While this looks straightforward, there is a problem. SVD doesn’t work on incomplete matrices. So, if we have missing values, it needs to be filled in with something before doing the SVD. This kind of defeats the purpose, doesn’t it? One way is to fill in with zeroes or mean or some kind of approximation, carry out the SVD, and then use the resulting matrices to recover missing values in our data. But what this would do is give you back the same approximation you used to fill in the missing values back as the result.

This is where Truncated SVD comes in. Truncated SVD makes the assumption that we do not need all the singular values to reconstruct the matrix. Instead, it chooses ${r}'$ highest singular values and only use those to reconstruct the matrix. When we are using ${r}'$ singular values, we will also be only using the first ${r}'$ columns from $\mathbf{U}$ and $\mathbf{V}$ to carry out the matrix multiplication required to recover the original matrix $\mathbf{A}$.

The below figure illustrates this process.

What this allows us to do is extract the key patterns in the data and use it to reconstruct the missing data. So the approximation we used to fill in the initial matrix can be ignored in favor of the dominant patterns in the data while reconstructing the matrix.

Let’s see this is action. We have implemented this recovery technique in the associated Github repository at src/imputation/matrix_recovery.py. We can use it like below.

from src.imputation.truncated_svd import TruncatedSVDImputation
recovered_matrix_tsvd = TruncatedSVDImputation(
rank=2,
init_fill_method="zero",
min_value=0
).fit_transform(all_ts_df.values)


Let’s see how this imputation worked.

The seasonal pattern has been captured but is slightly off with a peak at 6 PM the first day. We can see that the MAE is also not that great.

Iterative SVD is another heuristic which tries to overcome the inaccuracies that arises out of the initial filling of missing values before SVD. In Iterative SVD, we do this Truncated SVD multiple times, each iteration replacing the missing values with the imputed values. We start off by imputing the missing values with zero, mean or some other approximations and run the truncated SVD to recover the missing values. Then the approximations we had earlier on is replaced with the new missing values and truncated SVD is run again. This process is continued either till we reach maximum iterations or a convergence criterion.

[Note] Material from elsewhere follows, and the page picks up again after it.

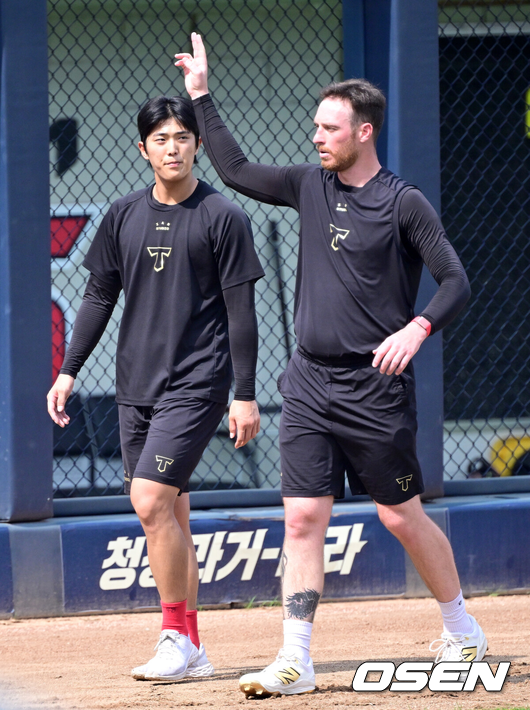 올러가 이의리에게 투구를 조언하고 있다./OSEN DB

This is already implemented in fancyimpute and we are going to use that.

from fancyimpute import IterativeSVD
recovered_matrix_isvd = IterativeSVD(
rank=2,
max_iters=1000,
svd_algorithm="arpack",
min_value=0
).fit_transform(all_ts_df.values)


The key hyperparameter here is the rank which, similar to matrix factorization, we need to find by using a good cross validation framework. If the matrix you are handling is very large, passing svd_algorithm = “randomized” as a parameter carries out Randomized SVD, which is a faster approximation of the SVD.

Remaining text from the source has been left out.